Ocean of Violets: Prince song by song

Discussion in 'Music Corner' started by Lance LaSalle, Jul 21, 2020.

  1. Lance LaSalle

    Lance LaSalle Prince of Swollen Sinus Thread Starter

    My intention with this thread, starting next Monday July 27th, is to discuss the music of Prince, in all it's myriad guises, down all its side-streets and alleyways, on a song-by-song basis.

    I will be going through all of Prince's songs, one by one: not only songs released under his own names but songs released under other names as well, and also songs that Prince wrote for other artists, whether he produced or was involved in their recording or not. I will also cover songs that Prince covered.

    I do not plan to hold up songs that Prince may have been involved in otherwise: i.e., if he remixed a song for another artist or produced a song but did not write it for the other artist, I will probably skip it.

    Now, this gets complicated, because credits are very strange in Prince-world, and sometimes he wrote songs that he did not get credit for (but usually owned). I will be using the information from princevault.com to aid me to this end, as well as the previous Prince album-by-album thread that was live some years ago.

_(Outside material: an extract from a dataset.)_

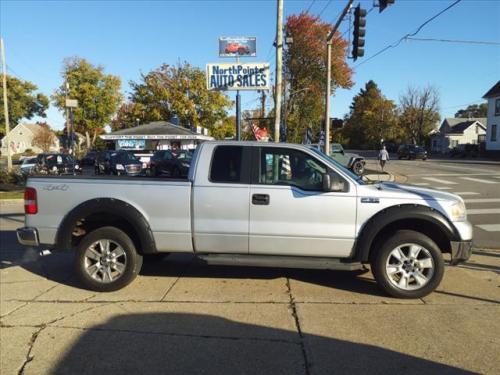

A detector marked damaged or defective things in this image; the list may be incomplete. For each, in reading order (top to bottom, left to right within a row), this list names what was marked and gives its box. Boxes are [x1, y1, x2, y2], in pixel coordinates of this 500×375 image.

crack in pavement [284, 278, 310, 375]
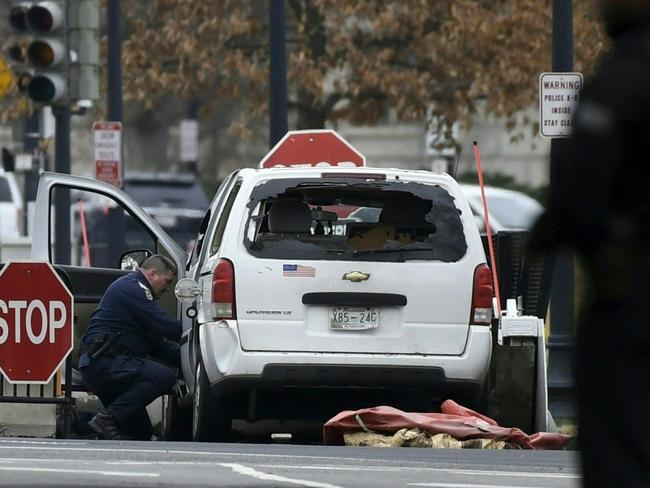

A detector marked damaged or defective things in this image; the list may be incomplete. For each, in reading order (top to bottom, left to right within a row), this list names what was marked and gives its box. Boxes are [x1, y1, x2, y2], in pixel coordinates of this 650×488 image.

shattered rear window [240, 178, 464, 264]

    But also I believe there are some knowledgeable folks here who will be able to help me with this mammoth undertaking.

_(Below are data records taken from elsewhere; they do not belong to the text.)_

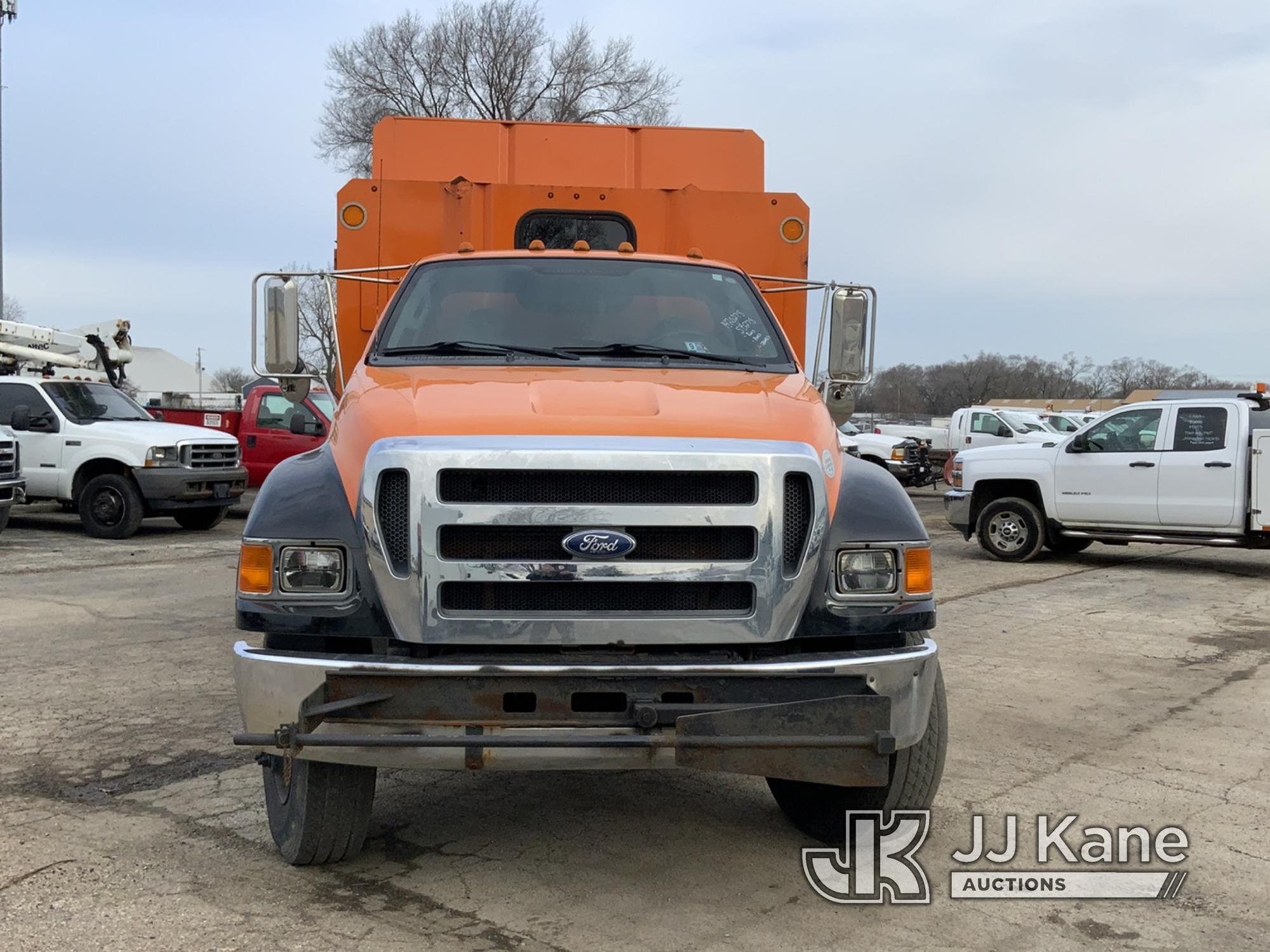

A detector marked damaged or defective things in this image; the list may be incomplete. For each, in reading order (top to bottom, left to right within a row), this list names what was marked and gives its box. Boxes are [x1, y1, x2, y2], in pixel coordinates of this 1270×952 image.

cracked concrete ground [2, 495, 1270, 949]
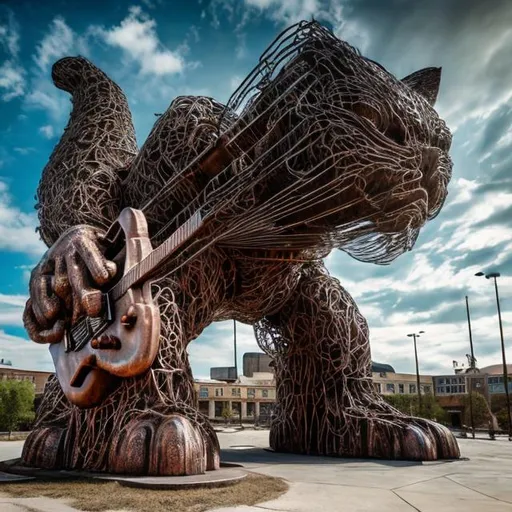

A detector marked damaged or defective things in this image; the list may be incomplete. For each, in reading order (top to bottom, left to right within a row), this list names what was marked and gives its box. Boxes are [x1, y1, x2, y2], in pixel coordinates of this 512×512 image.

corroded surface [22, 20, 458, 476]
rusty metal [22, 20, 458, 476]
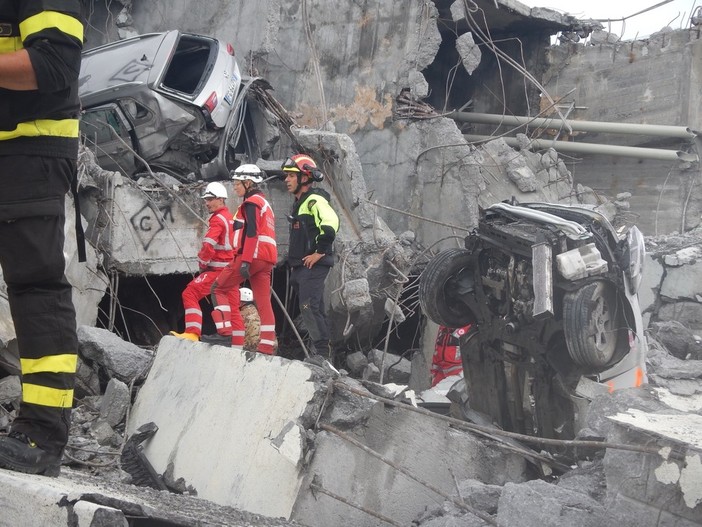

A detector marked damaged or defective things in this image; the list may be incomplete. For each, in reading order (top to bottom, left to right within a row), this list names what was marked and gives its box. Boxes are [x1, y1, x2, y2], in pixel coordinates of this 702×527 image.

    I will be covering these on a semi-chronological order: by which I mean, I will not be ordering them according the date recorded, but rather I will group songs by album; and then I will add other songs/albums recorded in that general era after the discussion of the main album.

    For example, when the time comes, I will go through all the songs on the 1999 album; then I will follow it up with attendant B-sides and outtakes that have been released since, on the Deluxe albums or elsewheires, and then follow those up songs which were written by Prince but released by other artists released in 1982 by other artists. In the case where Prince wrote or co-wrote entire albums for other artists, I will cover those other albums separately, as their own "chapters" so to speak. Thus 1982 will have three "chapters":

    • 1999+B-sides and released outtakes,
    • Vanity 6, and
    • What Time Is It?,
    • plus an additional chapter for any random songs by other artists that Prince wrote in 1999.

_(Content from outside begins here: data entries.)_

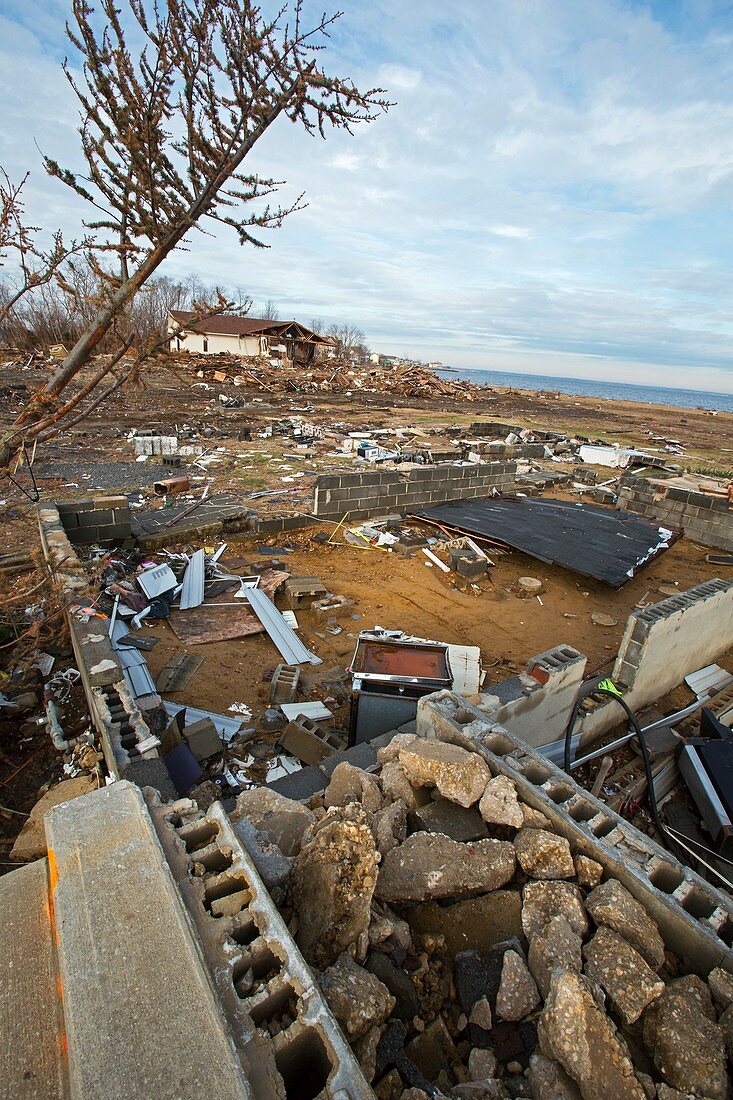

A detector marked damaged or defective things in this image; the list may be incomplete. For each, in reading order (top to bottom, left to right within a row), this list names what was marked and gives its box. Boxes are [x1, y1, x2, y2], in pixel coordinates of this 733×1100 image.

damaged house [166, 310, 334, 365]
broken wall of house [310, 459, 517, 519]
broken plywood sheet [411, 497, 677, 589]
broken plywood sheet [168, 567, 288, 642]
broken concrete chunk [230, 783, 312, 858]
broken concrete chunk [288, 800, 376, 963]
broken concrete chunk [314, 954, 391, 1038]
broken concrete chunk [323, 761, 383, 814]
broken concrete chunk [378, 761, 420, 814]
broken concrete chunk [391, 739, 488, 809]
broken concrete chunk [374, 831, 510, 902]
broken concrete chunk [477, 774, 521, 827]
broken concrete chunk [493, 946, 539, 1020]
broken concrete chunk [510, 827, 572, 880]
broken concrete chunk [519, 875, 589, 937]
broken concrete chunk [528, 915, 581, 1003]
broken concrete chunk [572, 853, 598, 888]
broken concrete chunk [581, 880, 660, 968]
broken concrete chunk [581, 932, 660, 1025]
broken concrete chunk [704, 963, 730, 1012]
broken concrete chunk [534, 972, 642, 1100]
broken concrete chunk [638, 972, 726, 1100]
broken concrete chunk [526, 1051, 581, 1100]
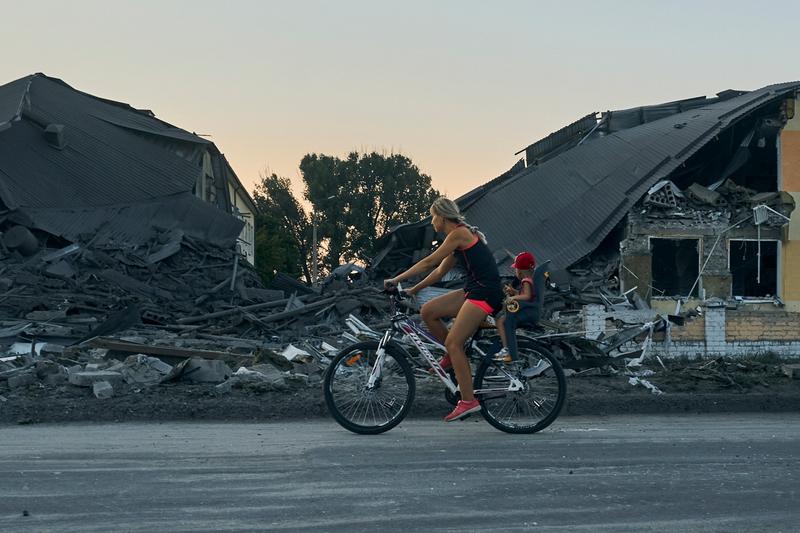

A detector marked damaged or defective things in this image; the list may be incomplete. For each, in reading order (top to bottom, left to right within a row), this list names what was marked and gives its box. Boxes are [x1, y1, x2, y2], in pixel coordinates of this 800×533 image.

damaged facade [0, 71, 256, 262]
damaged facade [376, 81, 800, 356]
shattered window [648, 238, 700, 298]
shattered window [728, 239, 780, 298]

    For songs written by Prince that were covered by other artists, but which had otherwise little involvement from Prince in released form, we can discuss both versions together --(I.e., I won't hold up "You're My Love" by Kenny Rogers up separately from Prince's, because Prince's version has been released on Prince's Originals album and my understanding it is that Prince wrote the song but otherwise was no involved with Kenny Rogers' version; however, other songs that have only been released by other artists but which do not have a released Prince version of the song will be discussed, at the time of their release.

    Some exceptions to this might apply: I probably will cover Prince's and Sheila E's "The Glamorous Life"" separately, for example. Of course, both versions can be discussed and referenced, let's not be ridiculous sticklers, but in general of course, we want to stick to the timeline of the songs being discussed and not venture too far ahead so that the thread doesn't become a mess.

    This is a highly complex and vast discography, and of course, I will not to pretend to be the most knowledgeable expert of all of Prince's incredibly wide catalogue -- not even on this forum! But I do think I can reliably post one song per day and the experts will chime in and help me.

    I will also be rating songs on a 1-5 scale, 5 being the best. I like doing this simply because, a) for some reason it helps me to focus my mind critically when I'm listening and b) although individual users ratings mean nothing, collectively, when averaged, they are an interesting statistic. And I like to make playlists from the more highly-rated songs!

    Having said that one does not have to rate songs to participate in the thread. The main thing is to discuss the music for Prince, song-by-song and learn more about the music of this incredibly talented man.

    One more thing: I do not play on holding up unreleased songs for rating; that does not mean that they cannot be discussed or referenced in their appropriate era by those who know about them; it only means that I won't make a separate entry for them.

    For released songs that were released more than twice (say, ""I Can Never Take the Place of Your Man"", or ""We Can Funk"") I will hold those up separately.

    I'm on holiday now and mostly camping; although I'm in a city for the next couple of days I will return to the wilderness on Thursday and while I'm sure I will have access to Internet I won't have much time to do much this week. That's why I'm not going to start until next Monday morning (Central European Time), with the For You album.

    Before I start, though, I'd like to take this opportunity to ask if anybody knows of any recordings that Prince made prior to the release of For You that were later released officially released by Prince or his estate -- either in physical or digital media.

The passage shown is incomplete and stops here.